Friday, 20 January 2012
While in Janesville, the hotel where I am accommodating has seen fit to leave a copy of USA Today outside my door in the morning. That’s very nice of them. Unfortunately, didn’t discover the paper until I was leaving for my busy day. So, I basically just tossed the paper into the room and saved it for “later.”
Later turned out to be today. Tucked away in a side column on page 3A, was a story about a teacher in an Atlanta, Georgia suburb. He resigned. Or maybe it was a she. I don’t know.
“Why did he/she resign?” you ask.
Good question.
It seems this teacher sent their third-graders home with some math work that included math questions such as…

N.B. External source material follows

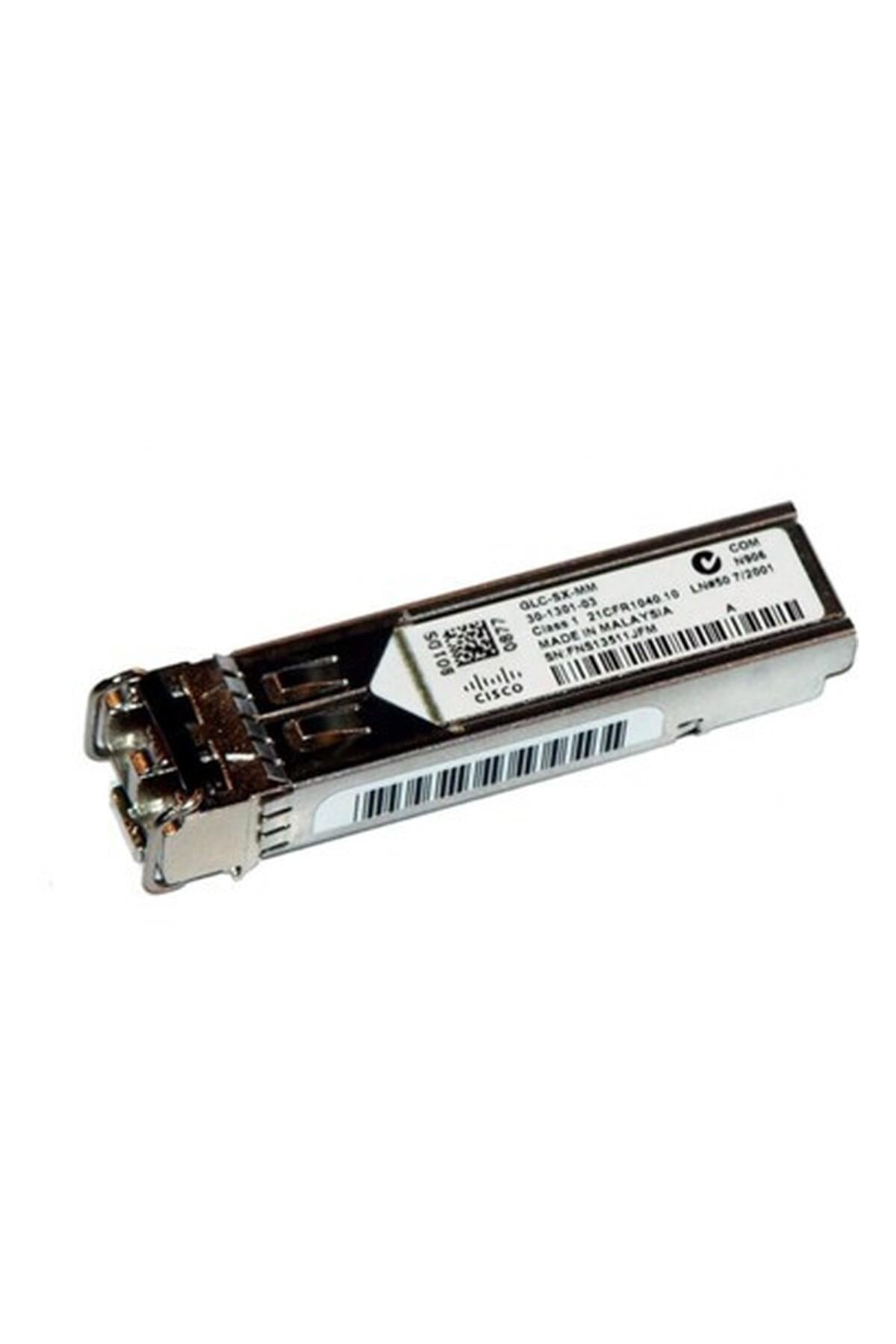 oft-cisco-glc-sx-mm-sfp-transceiver-mo-e12da-.jpg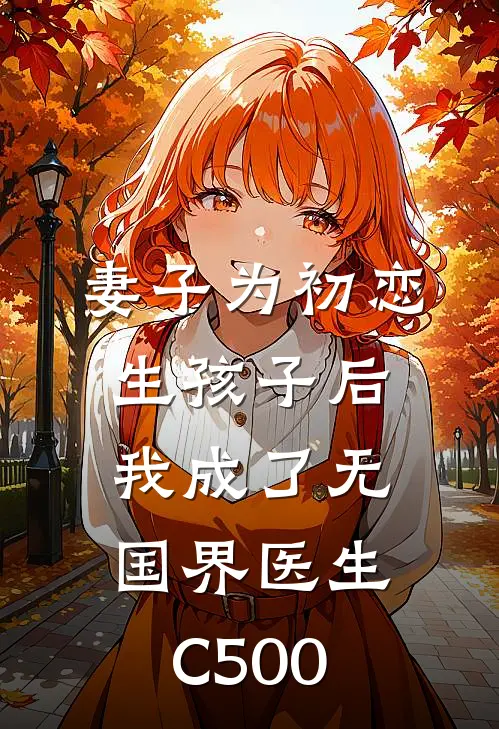 妄邀明月最新章节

Each tree had 56 oranges. If eight slaves pick them equally, then how much would each slave pick?
Hm. Not sure why the teacher was so fixated on slavery, but it’s hard to see why that was necessary.
This one is worse:
If Frederick got two beatings per day, how many beatings did he get in one week?
Yikes. How stupid is this teacher that they didn’t realize that just about anything would have been better than “beatings”? Why couldn’t Frederick have received two apples, or dollars, or books, or job offers, or DVDs from Red Box?
And while I’m noting how crappy this teacher must be, let’s also take a look at that grammar: “How MUCH would each slave pick?” How MUCH? The word “much” indicates a ratio compared to the whole, so the answer here would have to be one-eighth, or even “their share.” Assuming the teacher wanted their third-graders to do a little division, they should have used the phrase “How MANY,” thereby forcing the correct answer of seven.
Either way, this teacher gets an F.
I loved your use of the word “accommodating” — very clever.
Thanks. I originally typed “staying,” but then I decided to find a less predictable word.
Yeah, most people say the hotel accommodated them, but in your case, you accommodated the hotel (putting the comforter over the window, finding an alternative to the screechy ironing board…).